Quando è necessario chiedere aiuto
Se il supporto psicologico può rientrare in una logica di prevenzione, ci sono però anche casi in cui diventa imprescindibile. Marzocchi invita a non attendere troppo: "Se un comportamento problematico compare e persiste per almeno un mese, è già un campanello d’allarme. Un bambino che si mostra improvvisamente irritabile, si ritira socialmente o rifiuta ostinatamente la scuola, deve essere preso sul serio".

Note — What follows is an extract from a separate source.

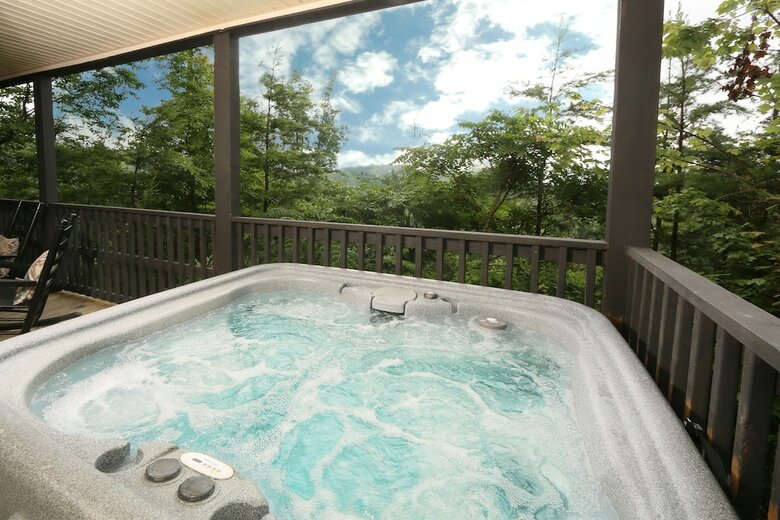 Pinnacle View 7c - Three Bedroom Chalet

Anche i disturbi fisiologici come il sonno e l’alimentazione, spesso considerati "normali fasi di crescita", possono in realtà essere segnali indiretti di un disagio emotivo. Lo stesso vale per forme più gravi come il ritiro sociale, l’autolesionismo o l’aggressività. "Queste manifestazioni – chiarisce lo psicologo – sono spesso modi con cui il bambino o il ragazzo chiede aiuto. Ignorarle o aspettare troppo può rendere il disagio più radicato e difficile da affrontare".